HM Revenue & Customs has confirmed annuity providers can back date payments to the age at which an individual would have qualified to take their pension without the income being classified as an unauthorised payment.
In a pension schemes newsletter published on its website, the UK’s tax watchdog responds to queries from industry over lifetime annuity contracts under which a pension scheme provider agrees to backdate payments to a member from the date at which they became able to claim a pension under the scheme rules.
As a result of this back dating, payments will initially be higher and then decrease to a lower annual rate that is effectively being paid for a longer period.
To qualify for tax treatment as a lifetime annuity, an annuity needs to meet a condition that ‘the amount of the annuity must not decrease’. This raised concern that the payments would be classified as unauthorised payments under HMRC rules.

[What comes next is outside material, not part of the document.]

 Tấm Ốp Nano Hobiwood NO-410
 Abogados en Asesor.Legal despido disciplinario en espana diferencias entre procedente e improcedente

HMRC states that after studying these backdated payments it has decided annuitants could receive this cash without having to change their tax status.
It says: “Where an amount of arrears in respect of a period before the contract was set up is paid at the time the annuity starts, we would not consider that the ‘amount of the annuity’ had decreased, if the amount paid in respect of the earlier period was paid at the same rate pro rata as the payments made going forward.
“For the avoidance of doubt, our guidance set out in the Registered Pension Schemes Manual... is not affected by this clarification.
“The entitlement to the lifetime annuity still arises when all the necessary steps have been taken. The entitlement to the pension commencement lump sum therefore still arises immediately before that time, and it can be paid up to six months before that date (or 12 months afterwards).”
HMRC says it is considering whether any changes need to be made to our guidance in RPSM in order to clarify the new interpretation.